Association of glycemic and lipid markers with fall risk, kinesiophobia and cardiopulmonary endurance in post-stroke diabetic patients

Main Article Content

Saira Jahan
Eisha Iftikhar
Rida Fatima
Rahyma Fatima
Esha Hamayun

Abstract

Objectives: To determine the relationship between glycemic control (HbA1c, blood sugar random [BSR]) and serum triglycerides with risk of falls, kinesiophobia, and cardiopulmonary endurance in post-stroke diabetic patients.


Methods: This correlational study was conducted from June 2022 to July 2023 at The Diabetic Centre, Pakistan Institute of Medical Sciences, Islamabad. A total of 226 post-stroke diabetic patients of both genders were recruited through non-probability purposive sampling. Assessments included glycemic and lipid profiles, the Tampa Scale for kinesiophobia, the six-minute walk test, and the timed up-and-go test. The age range of 45 to 85 years was considered, including individuals who had recovered from stroke, excluding those with hematological disorders, co-morbidities, or neurological complications. For statistical analysis, Pearson correlational performed using SPSS-21.

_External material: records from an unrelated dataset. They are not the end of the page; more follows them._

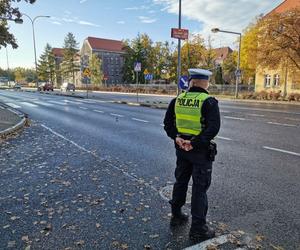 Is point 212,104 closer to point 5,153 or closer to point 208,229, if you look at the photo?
point 208,229

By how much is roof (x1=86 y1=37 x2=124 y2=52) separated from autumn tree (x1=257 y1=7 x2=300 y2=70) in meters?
75.7

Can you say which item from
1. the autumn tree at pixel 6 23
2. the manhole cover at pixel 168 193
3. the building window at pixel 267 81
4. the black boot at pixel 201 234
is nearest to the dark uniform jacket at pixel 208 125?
the black boot at pixel 201 234

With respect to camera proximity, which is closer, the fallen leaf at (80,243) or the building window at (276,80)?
the fallen leaf at (80,243)

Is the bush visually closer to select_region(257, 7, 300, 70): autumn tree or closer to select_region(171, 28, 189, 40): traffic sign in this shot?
select_region(257, 7, 300, 70): autumn tree

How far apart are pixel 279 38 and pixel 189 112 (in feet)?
92.6

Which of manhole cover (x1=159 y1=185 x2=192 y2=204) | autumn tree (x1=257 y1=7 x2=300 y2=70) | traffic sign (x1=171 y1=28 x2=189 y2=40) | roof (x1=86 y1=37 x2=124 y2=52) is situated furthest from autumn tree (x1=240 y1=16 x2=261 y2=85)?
roof (x1=86 y1=37 x2=124 y2=52)

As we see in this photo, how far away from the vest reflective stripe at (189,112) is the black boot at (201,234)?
109 centimetres

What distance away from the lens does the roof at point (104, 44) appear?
98.3 metres

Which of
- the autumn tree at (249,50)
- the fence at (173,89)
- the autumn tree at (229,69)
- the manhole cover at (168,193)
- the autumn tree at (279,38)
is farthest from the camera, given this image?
the autumn tree at (229,69)

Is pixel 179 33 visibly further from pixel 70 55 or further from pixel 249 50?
pixel 70 55

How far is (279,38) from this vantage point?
91.2 ft

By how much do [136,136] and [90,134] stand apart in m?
1.77

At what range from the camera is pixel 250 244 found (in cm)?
318

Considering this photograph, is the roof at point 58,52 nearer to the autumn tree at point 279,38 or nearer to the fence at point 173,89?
the fence at point 173,89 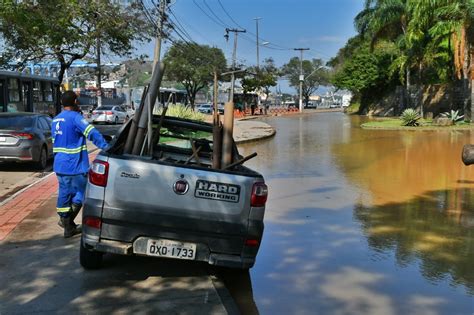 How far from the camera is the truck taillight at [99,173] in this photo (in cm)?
470

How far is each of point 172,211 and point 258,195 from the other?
0.77 metres

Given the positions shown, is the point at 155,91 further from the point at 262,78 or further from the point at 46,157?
the point at 262,78

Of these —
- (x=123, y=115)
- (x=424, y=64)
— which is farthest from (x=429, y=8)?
(x=123, y=115)

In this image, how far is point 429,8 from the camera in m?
29.2

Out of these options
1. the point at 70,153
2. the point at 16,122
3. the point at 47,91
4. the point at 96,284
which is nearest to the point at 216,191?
the point at 96,284

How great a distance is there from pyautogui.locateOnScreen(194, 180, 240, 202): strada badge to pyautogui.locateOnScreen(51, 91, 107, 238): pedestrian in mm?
1993

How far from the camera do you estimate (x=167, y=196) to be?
4.67 m

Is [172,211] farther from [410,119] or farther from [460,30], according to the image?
[460,30]

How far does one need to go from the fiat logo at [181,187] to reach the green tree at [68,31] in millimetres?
9016

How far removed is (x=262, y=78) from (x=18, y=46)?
4576 cm

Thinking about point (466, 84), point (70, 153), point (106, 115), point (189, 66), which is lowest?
point (70, 153)

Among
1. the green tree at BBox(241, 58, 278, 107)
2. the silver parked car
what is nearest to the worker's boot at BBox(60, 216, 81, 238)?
the silver parked car

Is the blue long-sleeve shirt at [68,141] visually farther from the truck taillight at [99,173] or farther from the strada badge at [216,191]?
the strada badge at [216,191]

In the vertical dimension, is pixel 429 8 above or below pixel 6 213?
above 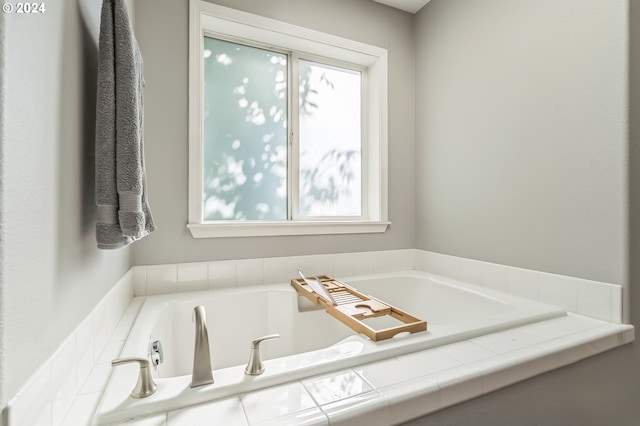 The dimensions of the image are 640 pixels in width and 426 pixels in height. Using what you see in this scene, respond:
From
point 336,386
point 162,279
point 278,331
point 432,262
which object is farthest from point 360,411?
point 432,262

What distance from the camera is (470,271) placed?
177cm

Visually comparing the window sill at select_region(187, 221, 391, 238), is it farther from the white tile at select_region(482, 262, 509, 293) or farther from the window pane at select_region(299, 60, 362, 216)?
the white tile at select_region(482, 262, 509, 293)

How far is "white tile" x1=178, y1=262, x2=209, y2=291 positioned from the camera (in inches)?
63.0

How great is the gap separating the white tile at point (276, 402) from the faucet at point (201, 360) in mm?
108

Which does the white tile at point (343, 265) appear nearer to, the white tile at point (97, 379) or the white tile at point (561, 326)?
the white tile at point (561, 326)

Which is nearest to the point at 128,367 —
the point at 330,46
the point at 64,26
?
the point at 64,26

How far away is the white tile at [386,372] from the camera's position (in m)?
0.77

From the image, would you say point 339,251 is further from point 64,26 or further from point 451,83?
point 64,26

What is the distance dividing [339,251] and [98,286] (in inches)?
52.4

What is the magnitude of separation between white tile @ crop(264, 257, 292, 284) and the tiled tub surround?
0.60m

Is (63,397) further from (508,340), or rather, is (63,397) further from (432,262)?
(432,262)

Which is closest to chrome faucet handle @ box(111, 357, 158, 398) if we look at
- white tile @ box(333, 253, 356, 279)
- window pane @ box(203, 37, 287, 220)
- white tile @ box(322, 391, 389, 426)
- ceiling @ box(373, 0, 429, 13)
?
white tile @ box(322, 391, 389, 426)

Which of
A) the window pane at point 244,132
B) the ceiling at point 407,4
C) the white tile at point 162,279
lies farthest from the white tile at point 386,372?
the ceiling at point 407,4

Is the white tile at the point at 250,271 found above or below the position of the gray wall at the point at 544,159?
below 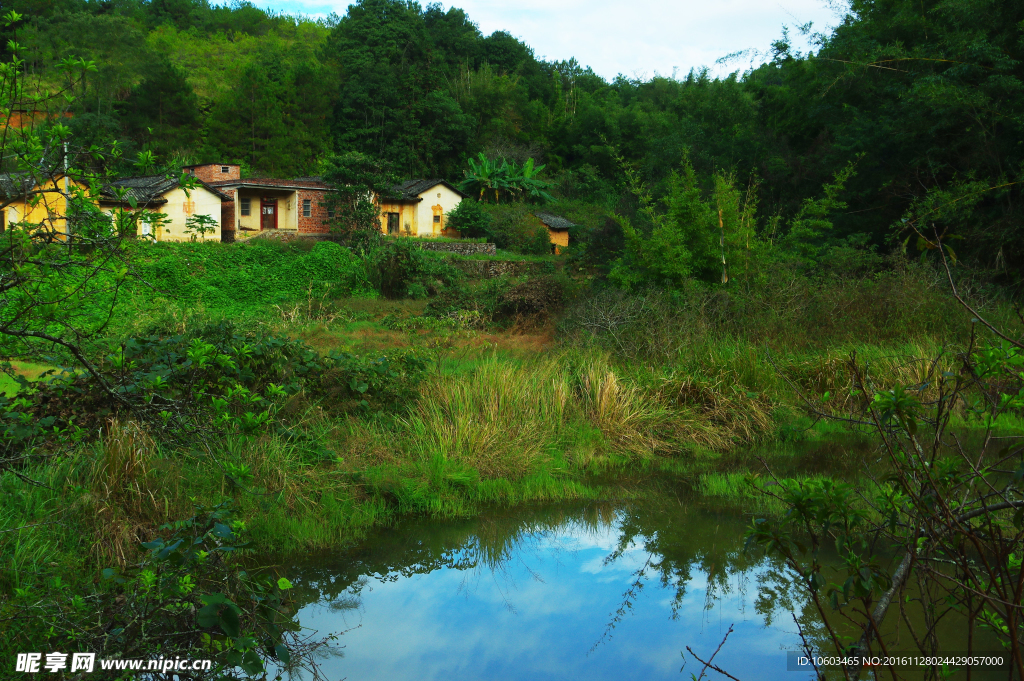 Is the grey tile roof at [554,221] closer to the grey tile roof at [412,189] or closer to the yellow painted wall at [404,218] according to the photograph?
the grey tile roof at [412,189]

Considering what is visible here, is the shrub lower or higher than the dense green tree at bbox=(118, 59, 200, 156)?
lower

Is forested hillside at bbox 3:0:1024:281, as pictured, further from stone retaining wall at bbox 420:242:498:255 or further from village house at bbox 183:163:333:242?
stone retaining wall at bbox 420:242:498:255

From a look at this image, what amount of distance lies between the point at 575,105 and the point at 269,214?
99.7 ft

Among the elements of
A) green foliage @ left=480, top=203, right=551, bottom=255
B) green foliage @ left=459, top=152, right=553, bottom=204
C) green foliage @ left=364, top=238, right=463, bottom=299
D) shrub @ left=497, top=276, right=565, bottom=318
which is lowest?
shrub @ left=497, top=276, right=565, bottom=318

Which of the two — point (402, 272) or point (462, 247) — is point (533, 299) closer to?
point (402, 272)

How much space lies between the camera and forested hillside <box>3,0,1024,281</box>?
14.7 metres

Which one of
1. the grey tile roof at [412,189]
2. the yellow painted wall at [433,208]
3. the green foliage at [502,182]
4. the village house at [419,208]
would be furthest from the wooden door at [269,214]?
the green foliage at [502,182]

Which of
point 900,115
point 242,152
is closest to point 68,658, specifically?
point 900,115

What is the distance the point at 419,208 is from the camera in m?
35.5

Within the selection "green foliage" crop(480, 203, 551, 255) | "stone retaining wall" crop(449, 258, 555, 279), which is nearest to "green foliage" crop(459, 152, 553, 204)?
"green foliage" crop(480, 203, 551, 255)

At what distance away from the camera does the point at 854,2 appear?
21625 millimetres

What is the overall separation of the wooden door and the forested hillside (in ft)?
18.1

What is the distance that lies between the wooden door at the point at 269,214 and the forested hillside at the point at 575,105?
5512 mm

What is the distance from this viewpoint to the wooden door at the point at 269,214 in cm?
3303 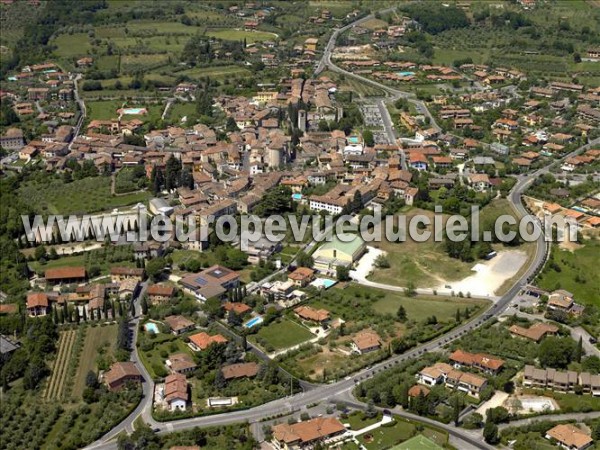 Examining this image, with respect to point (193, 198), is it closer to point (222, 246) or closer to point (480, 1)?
point (222, 246)

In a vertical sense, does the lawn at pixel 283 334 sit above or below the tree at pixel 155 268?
below

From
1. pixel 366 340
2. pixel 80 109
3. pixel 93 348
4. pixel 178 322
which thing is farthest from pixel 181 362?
pixel 80 109

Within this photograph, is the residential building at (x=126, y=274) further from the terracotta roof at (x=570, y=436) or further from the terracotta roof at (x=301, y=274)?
the terracotta roof at (x=570, y=436)

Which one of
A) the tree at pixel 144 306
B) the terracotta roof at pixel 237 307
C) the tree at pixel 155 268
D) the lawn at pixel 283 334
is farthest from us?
the tree at pixel 155 268

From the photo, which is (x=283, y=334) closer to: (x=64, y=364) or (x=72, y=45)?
(x=64, y=364)

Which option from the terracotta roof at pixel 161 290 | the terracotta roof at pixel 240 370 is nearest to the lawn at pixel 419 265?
the terracotta roof at pixel 161 290

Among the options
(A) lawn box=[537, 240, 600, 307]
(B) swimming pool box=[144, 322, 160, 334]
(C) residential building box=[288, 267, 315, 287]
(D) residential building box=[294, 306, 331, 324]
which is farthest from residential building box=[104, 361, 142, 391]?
(A) lawn box=[537, 240, 600, 307]

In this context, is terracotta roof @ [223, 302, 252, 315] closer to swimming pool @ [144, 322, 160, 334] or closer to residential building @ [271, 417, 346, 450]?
swimming pool @ [144, 322, 160, 334] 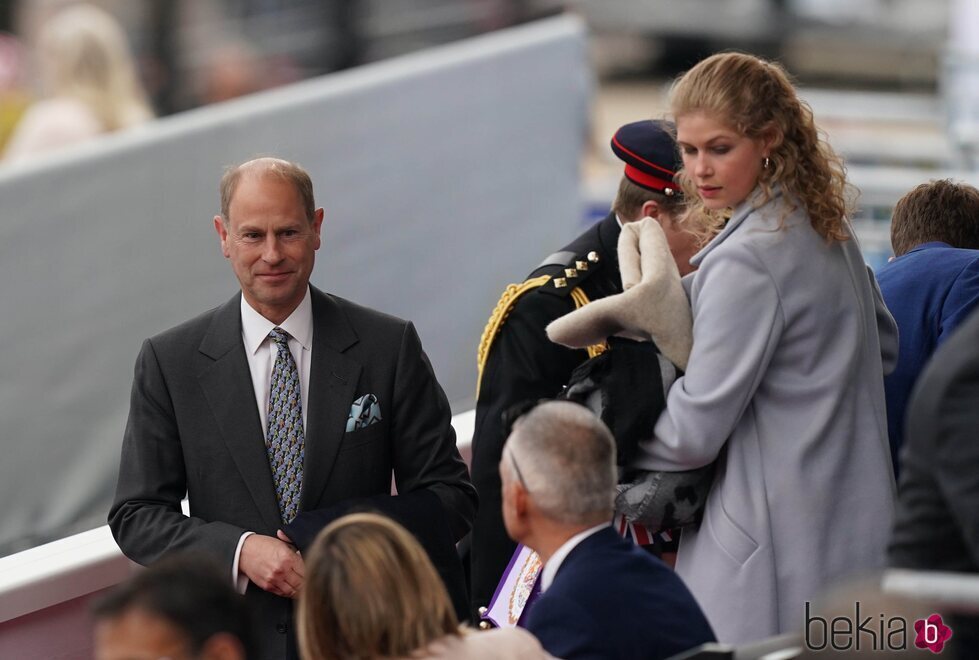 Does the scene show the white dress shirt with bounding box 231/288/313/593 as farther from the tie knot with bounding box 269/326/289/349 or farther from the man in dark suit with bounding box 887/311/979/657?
the man in dark suit with bounding box 887/311/979/657

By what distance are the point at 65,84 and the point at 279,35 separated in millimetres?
6261

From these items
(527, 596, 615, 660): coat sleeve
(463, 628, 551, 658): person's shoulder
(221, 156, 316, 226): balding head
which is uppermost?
(221, 156, 316, 226): balding head

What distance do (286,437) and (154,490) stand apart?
30cm

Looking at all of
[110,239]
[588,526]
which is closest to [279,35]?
[110,239]

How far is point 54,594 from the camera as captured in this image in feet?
13.5

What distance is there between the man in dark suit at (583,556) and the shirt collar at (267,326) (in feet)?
2.36

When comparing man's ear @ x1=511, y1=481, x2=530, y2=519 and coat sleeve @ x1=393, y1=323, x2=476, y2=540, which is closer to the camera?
man's ear @ x1=511, y1=481, x2=530, y2=519

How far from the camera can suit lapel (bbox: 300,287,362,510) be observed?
347 cm

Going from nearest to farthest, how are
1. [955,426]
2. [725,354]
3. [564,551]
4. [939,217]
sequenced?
[955,426]
[564,551]
[725,354]
[939,217]

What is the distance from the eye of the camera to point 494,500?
13.3 ft

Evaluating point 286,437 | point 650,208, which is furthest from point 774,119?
point 286,437

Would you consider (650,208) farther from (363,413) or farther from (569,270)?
(363,413)

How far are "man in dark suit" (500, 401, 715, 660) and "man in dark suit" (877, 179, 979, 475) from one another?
3.59ft

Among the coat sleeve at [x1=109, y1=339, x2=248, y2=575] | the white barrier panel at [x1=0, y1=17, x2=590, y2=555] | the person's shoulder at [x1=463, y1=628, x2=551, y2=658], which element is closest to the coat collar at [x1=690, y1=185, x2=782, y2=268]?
the person's shoulder at [x1=463, y1=628, x2=551, y2=658] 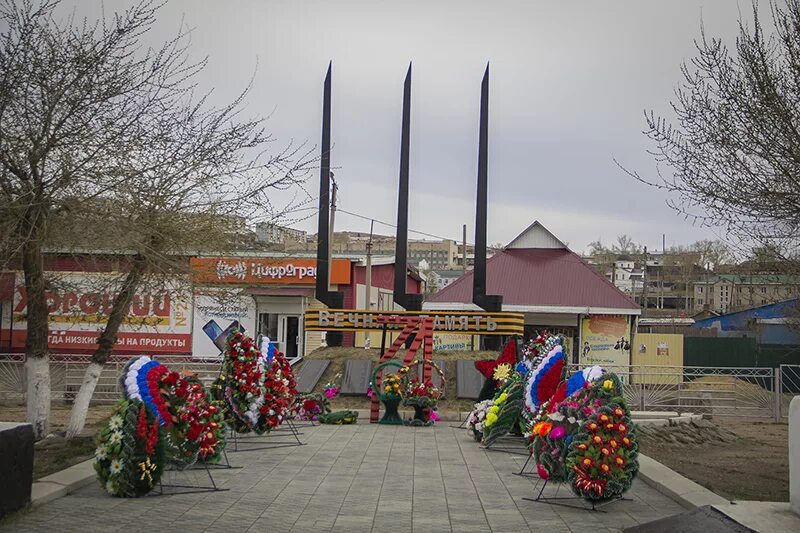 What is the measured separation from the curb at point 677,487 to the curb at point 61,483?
6.54 meters

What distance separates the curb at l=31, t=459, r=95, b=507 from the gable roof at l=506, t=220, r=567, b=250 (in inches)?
1271

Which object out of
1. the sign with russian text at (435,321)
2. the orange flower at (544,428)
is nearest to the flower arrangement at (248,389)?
the orange flower at (544,428)

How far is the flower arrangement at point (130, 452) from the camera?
9.85m

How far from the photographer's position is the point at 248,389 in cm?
1507

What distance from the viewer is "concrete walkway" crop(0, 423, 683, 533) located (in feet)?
29.0

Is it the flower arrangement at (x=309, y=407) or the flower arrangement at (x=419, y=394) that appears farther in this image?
the flower arrangement at (x=419, y=394)

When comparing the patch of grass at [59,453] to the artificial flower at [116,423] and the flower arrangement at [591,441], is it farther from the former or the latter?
the flower arrangement at [591,441]

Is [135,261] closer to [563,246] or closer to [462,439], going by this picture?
[462,439]

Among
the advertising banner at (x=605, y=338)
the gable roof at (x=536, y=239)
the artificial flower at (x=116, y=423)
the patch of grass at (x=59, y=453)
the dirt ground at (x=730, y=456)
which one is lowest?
the dirt ground at (x=730, y=456)

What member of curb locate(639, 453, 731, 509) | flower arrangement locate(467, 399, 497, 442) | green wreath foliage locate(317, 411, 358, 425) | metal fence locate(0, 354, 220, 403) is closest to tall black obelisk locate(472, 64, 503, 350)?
metal fence locate(0, 354, 220, 403)

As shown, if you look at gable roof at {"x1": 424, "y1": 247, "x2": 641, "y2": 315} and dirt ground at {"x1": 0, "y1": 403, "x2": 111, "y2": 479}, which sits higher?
gable roof at {"x1": 424, "y1": 247, "x2": 641, "y2": 315}

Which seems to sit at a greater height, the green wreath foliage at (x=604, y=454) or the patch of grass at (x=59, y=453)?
the green wreath foliage at (x=604, y=454)

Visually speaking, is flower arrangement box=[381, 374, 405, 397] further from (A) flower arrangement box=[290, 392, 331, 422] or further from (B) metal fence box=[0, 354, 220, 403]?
(B) metal fence box=[0, 354, 220, 403]

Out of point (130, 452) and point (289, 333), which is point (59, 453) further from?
point (289, 333) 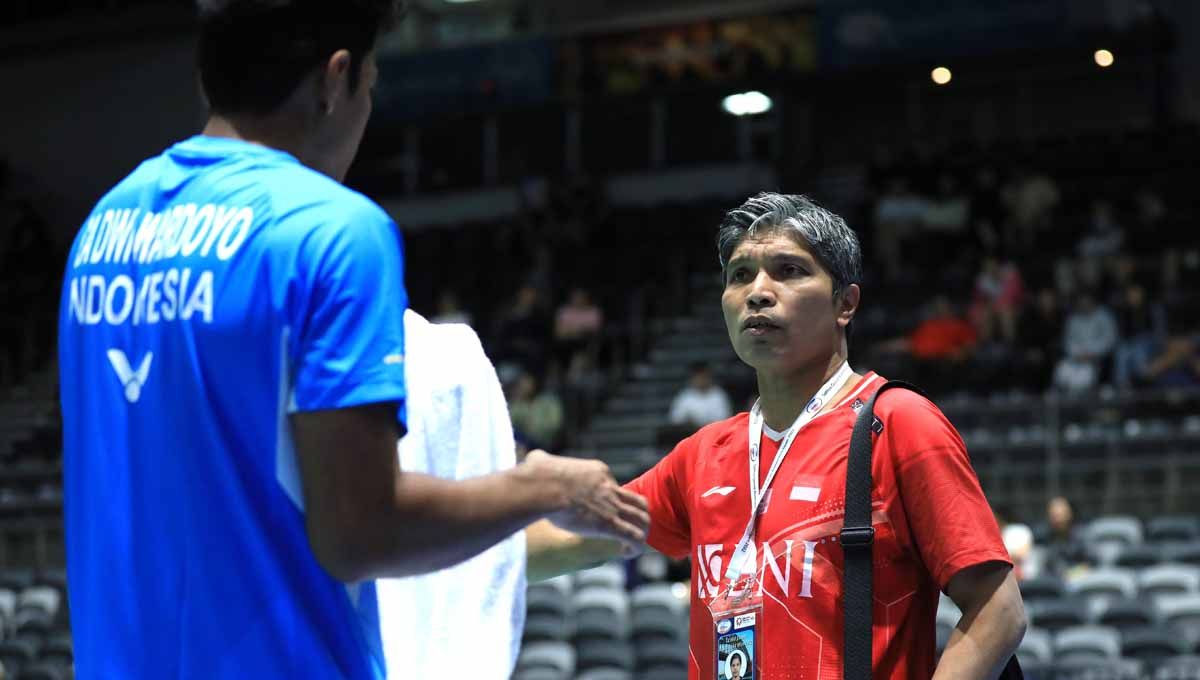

Results: Out of the 226 subjects, 54% were female and 46% were male, with a mean age of 61±10 years and a mean body mass index of 24.8±5.26 kg/m2. Serum triglyceride levels showed a negligible and non-significant correlation with the risk of falls and kinesiophobia (r=0.088, r=0.096; p>0.05, respectively), but a negligible negative relationship with cardiopulmonary endurance (r= -0.09; p < 0.05). Blood sugar random demonstrated a negative moderate relation with cardiopulmonary endurance (r= -0.3; p<0.05). HbA1c exhibited a moderate negative correlation with cardiopulmonary endurance (r= -0.50; p <0.05).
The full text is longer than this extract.